RE - 37523 - Sessão: 05/10/2018 às 16:00

Senhor Presidente, eminentes colegas.

Trata-se de Ação de Investigação Judicial Eleitoral, fundada em abuso de poder, na qual se pretende a condenação dos representados nas penas do art. 22, inc. XIV, da LC n. 64/90. Narra a inicial que terceiro não representado, Liomar Borges dos Santos, compareceu a um local em que residem cerca de 100 famílias de baixa renda e realizou discurso eleitoral em benefício dos candidatos à majoritária.

O nobre relator, seguindo parecer ministerial, votou pela manutenção da sentença que reconheceu ter havido decadência da ação porque foi promovida sem a inclusão de Liomar Borges no polo passivo da demanda, na condição de litisconsorte passivo necessário, de acordo com a orientação jurisprudencial dominante.

Pedi vista dos autos, pois inúmeras questões me intrigavam: a caracterização do litisconsórcio passivo necessário; a extinção da ação com resolução de mérito (decadência) em razão de irregularidade de natureza processual; e a possibilidade de ser extinto o feito sem que a parte fosse instada a corrigir a falha, como é a determinação adotada pelo novo CPC.

O litisconsórcio passivo necessário caracteriza-se ou por uma imposição legal ou pela natureza unitária da relação jurídica material.
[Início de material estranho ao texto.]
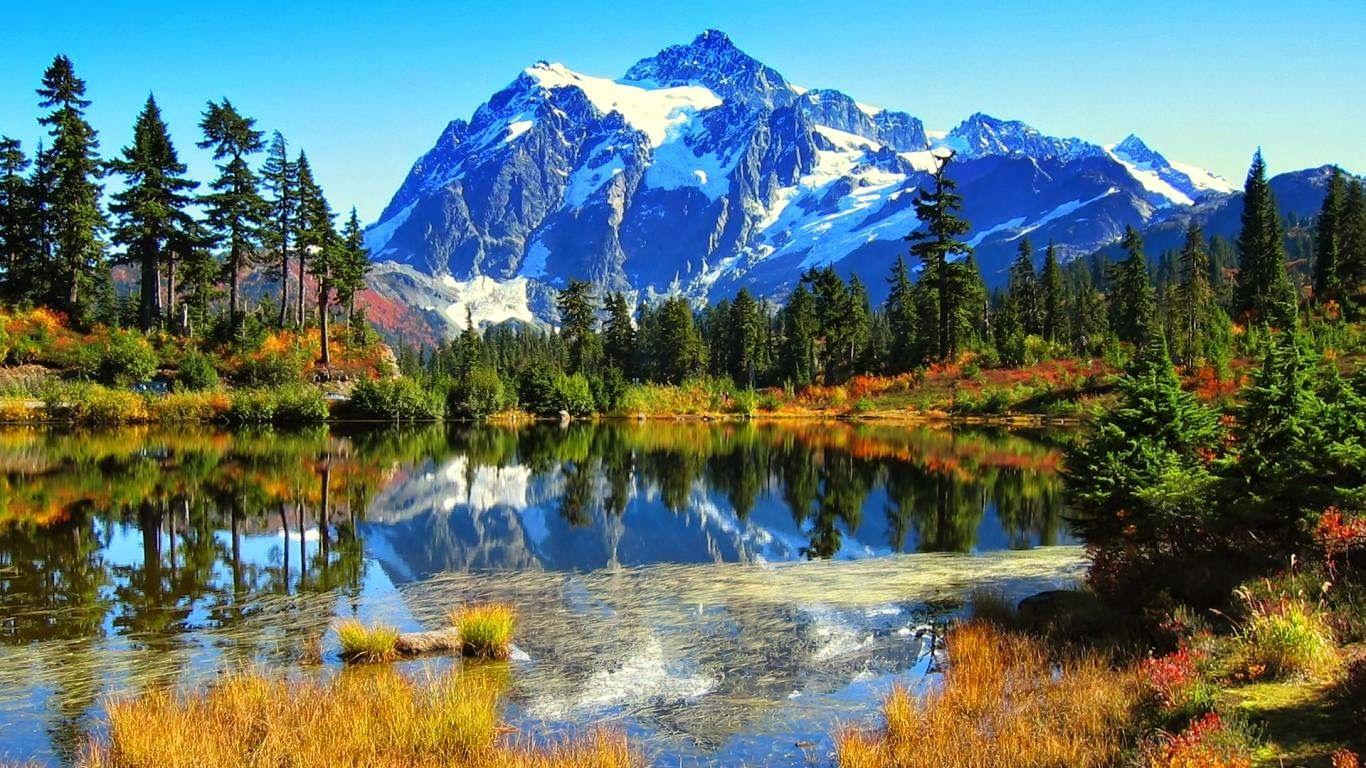 1366x768 Computer Background Nature Mountains .line.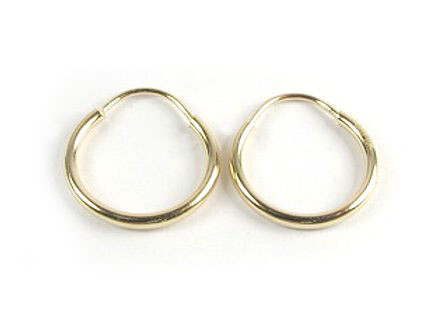 10K Yellow Gold Polished Sleeper Earrings 10K Yellow Gold Polished Sleeper Earrings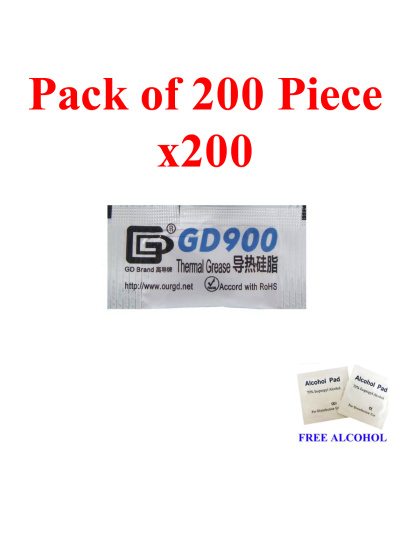 Thermal Paste GD900 0.5g High Conductivity Thermal Grease 200 Pieces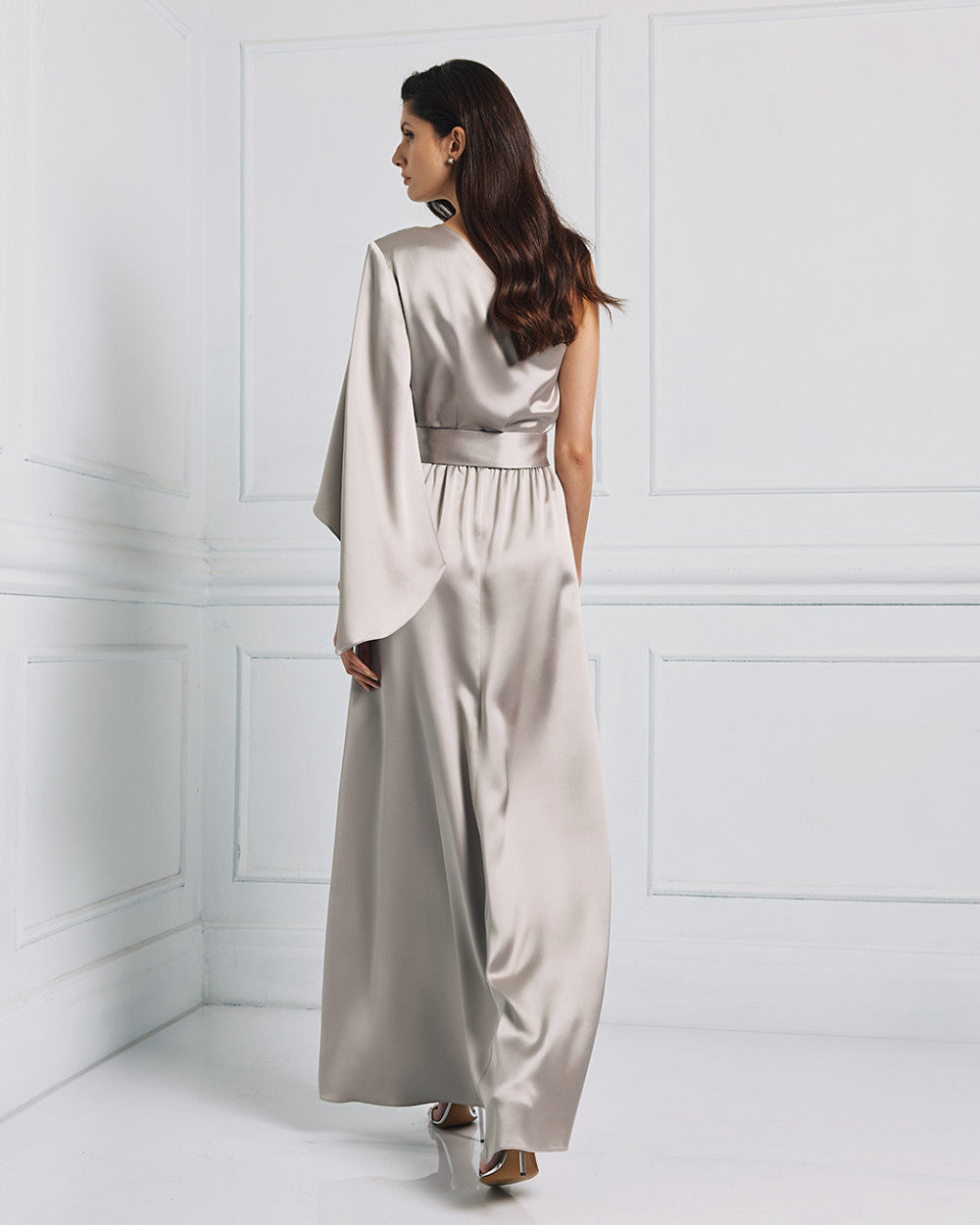 Access Fashion Abito monospalla in raso mod. 3308 PE25 image 3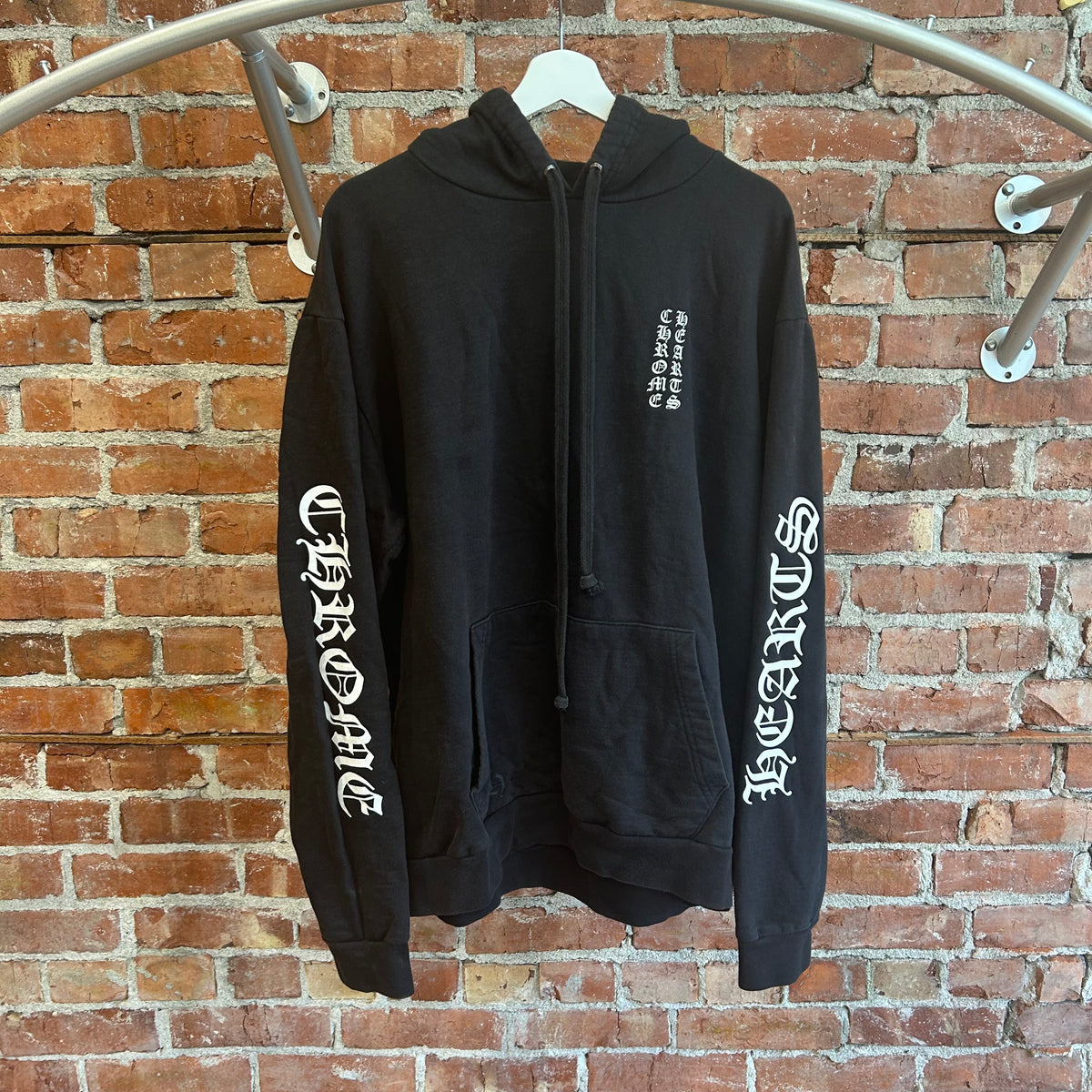 Pull à Capuche Chrome Hearts - Taille L, Noir, 100% Coton, Neuf Avec étiquettes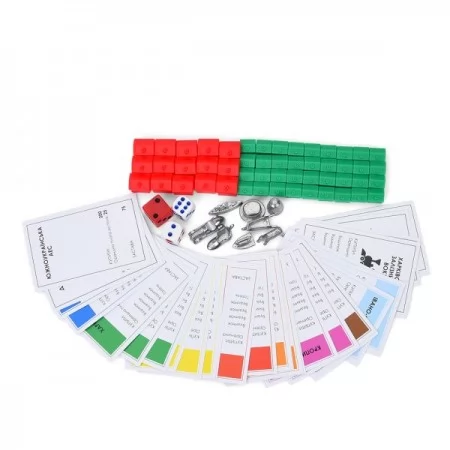 Настольная игра 6123 UA Монополия,жетоны,карточки, кубики,в кор-ке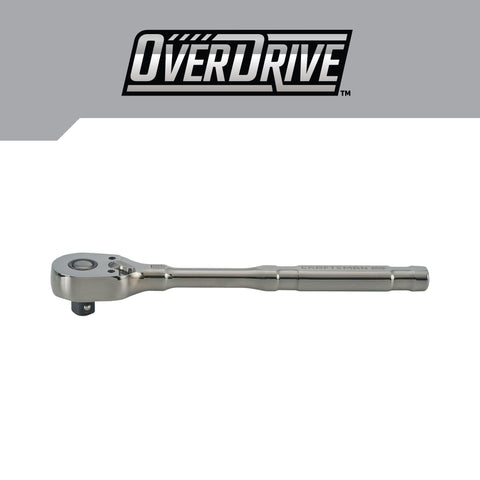 Craftsman OverDrive pear-head ratchet dual-pawl design boosts engagement.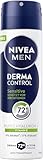 NIVEA MEN Derma Control Sensitive Deo Spray (150 ml), Anti-Transpirant mit purem...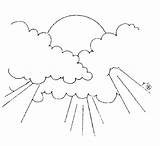 Sky Coloring Pages Cloud Only 75kb 1015 930px Drawings sketch template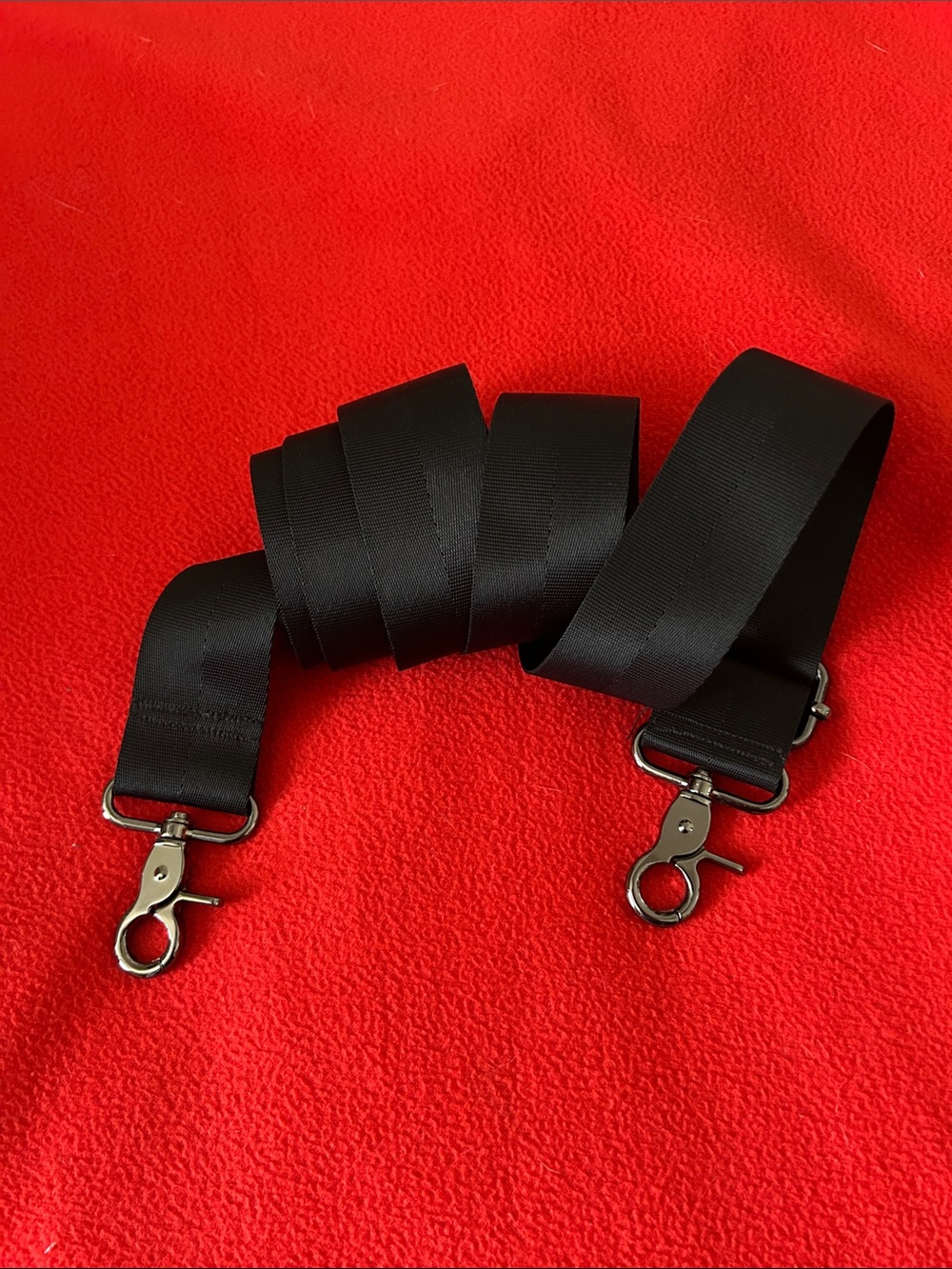 Adjustable Black Cross body Bag Replacement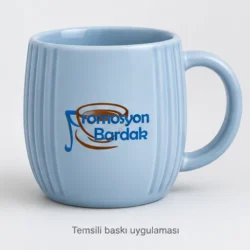 Seferihisar Fluted Ceramic Mug — gallery view 1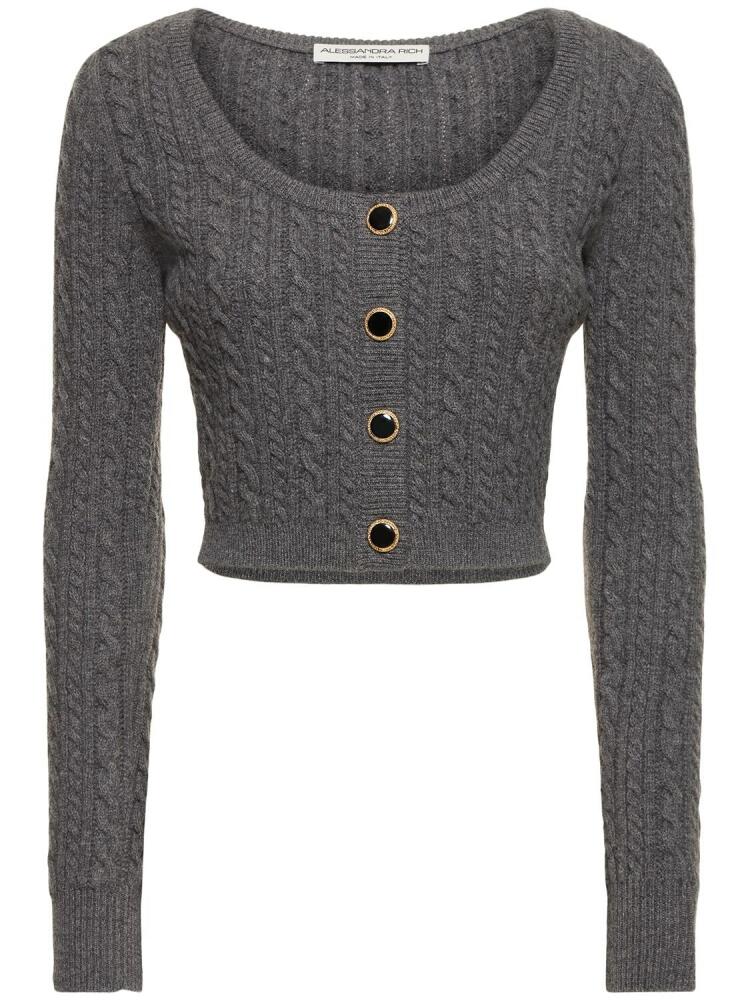 ALESSANDRA RICH Wool Knitted Cardigan Cover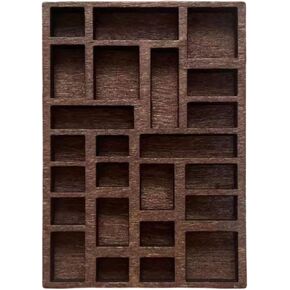 Miniature Trinket Shelf Wooden Jewelry Display Tray,Rings Earring Storage,Smooth,Wood Rock Collection Tray Home Decoration（1.97inchx2.76inch） in Saudi Arabia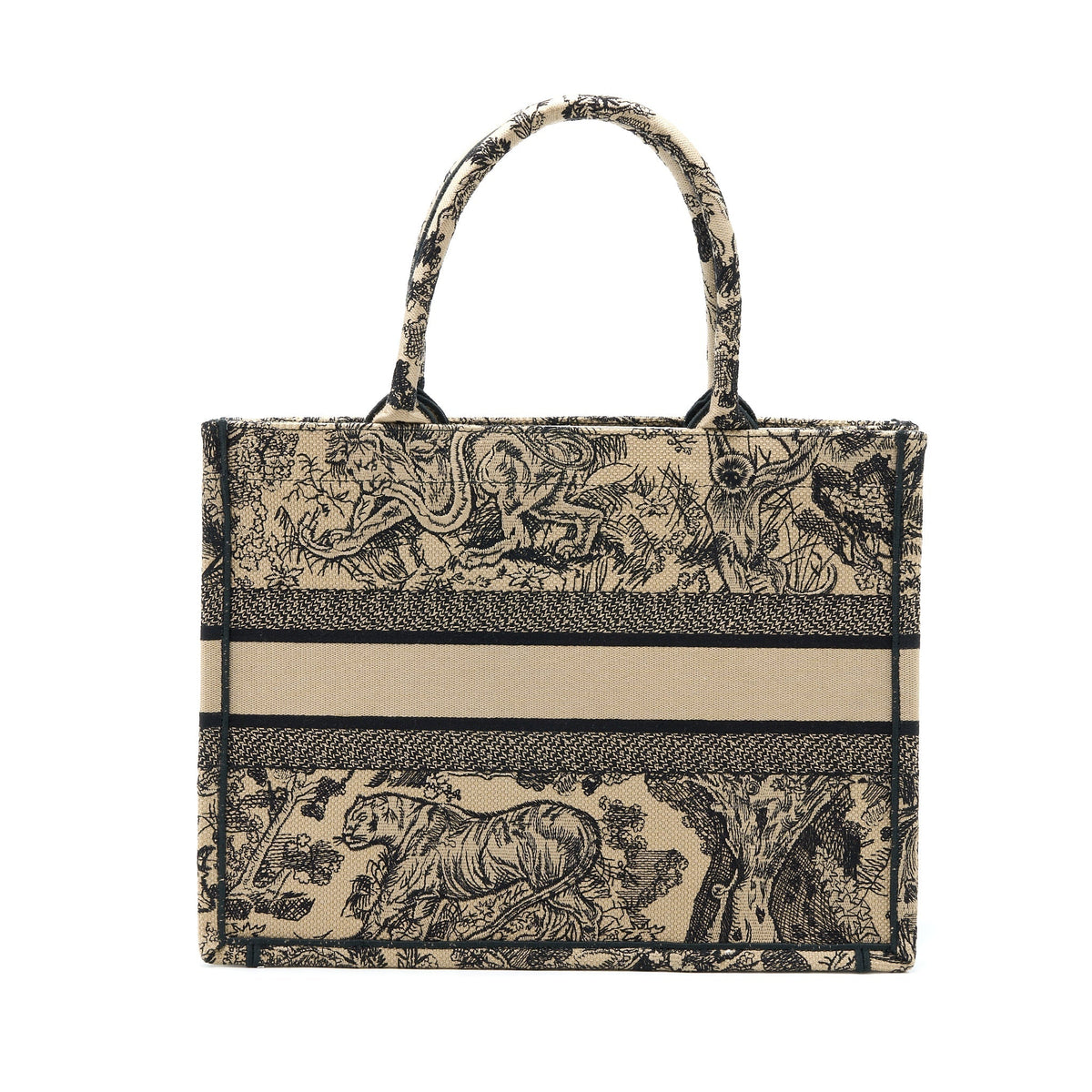Dior Medium Dior Book Tote Toile De Joey Embroidery Beige Rovelle Bags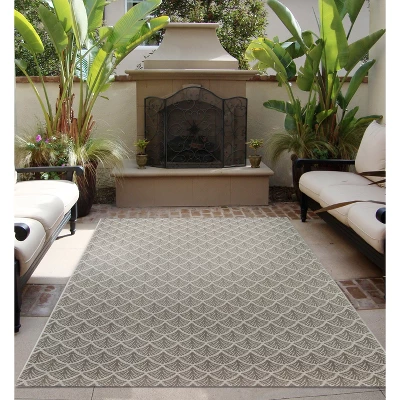 Fan Outdoor Rug - Threshold 4 Fan Outdoor Rug - Threshold - Image 4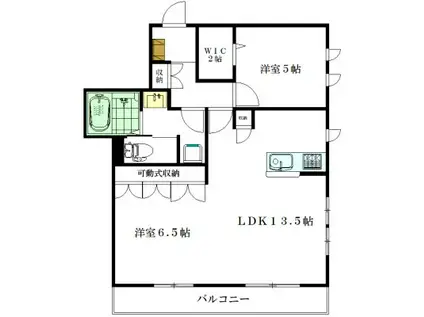 ラシック(2LDK/3階)の間取り写真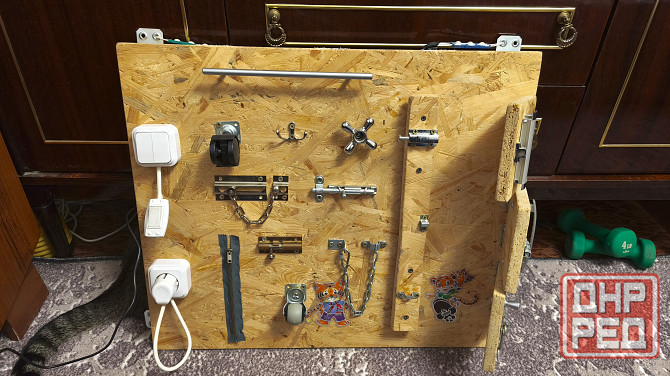 Бизиборд busy board ручной работы Донецк - изображение 2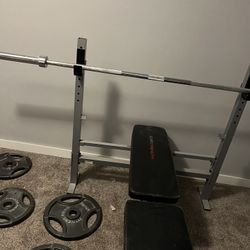 Weight Set And Bench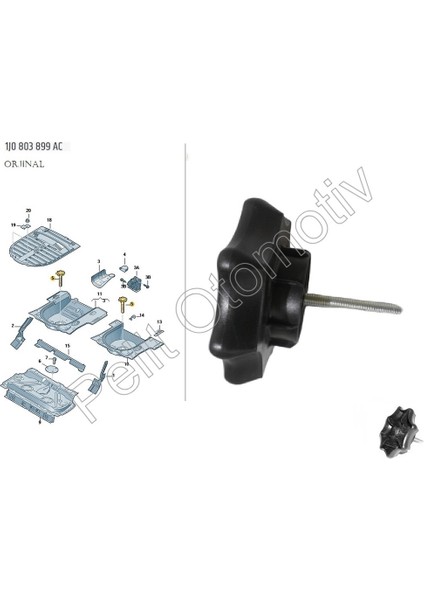 Roomster (2006-2015) Stepne Sabitleme Civatası 1J0803899AC Orjinal fiyatları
Nesse sentido é a lição de Ovídio Baptista da Silva:

Devemos, portanto, conceituar o litisconsórcio necessário como aquele obrigatoriamente formado, seja porque alguma disposição de lei assim o imponha, seja porque a natureza da relação de direito material torne impossível o tratamento da situação litigiosa sem a presença de todos os interessados no processo, formando litisconsórcio, caso em que ele se torna indispensável (Curso de Processo Civil, vol 1, 7ªed., 2005, p. 247).

Todavia, sem que haja previsão legal exigindo o litisconsórcio e sem que a solução do caso deva ser resolvida de forma idêntica para os representados – que recebem penas individualmente –, o egrégio Tribunal Superior Eleitoral passou a exigir a formação de litisconsórcio passivo necessário, nas ações fundadas em condutas vedadas aos agentes públicos, entre o agente público responsável pela ação ilícita e o candidato beneficiado por esse ato. Entendeu aquela egrégia Corte que, nesses casos, o agente público deveria integrar a lide, pois (a) estava sujeito a sanções legais, como multa, (b) somente ele poderia cumprir eventual ordem de suspensão das condutas vedadas, (c) apenas o responsável poderia defender a licitude do ato.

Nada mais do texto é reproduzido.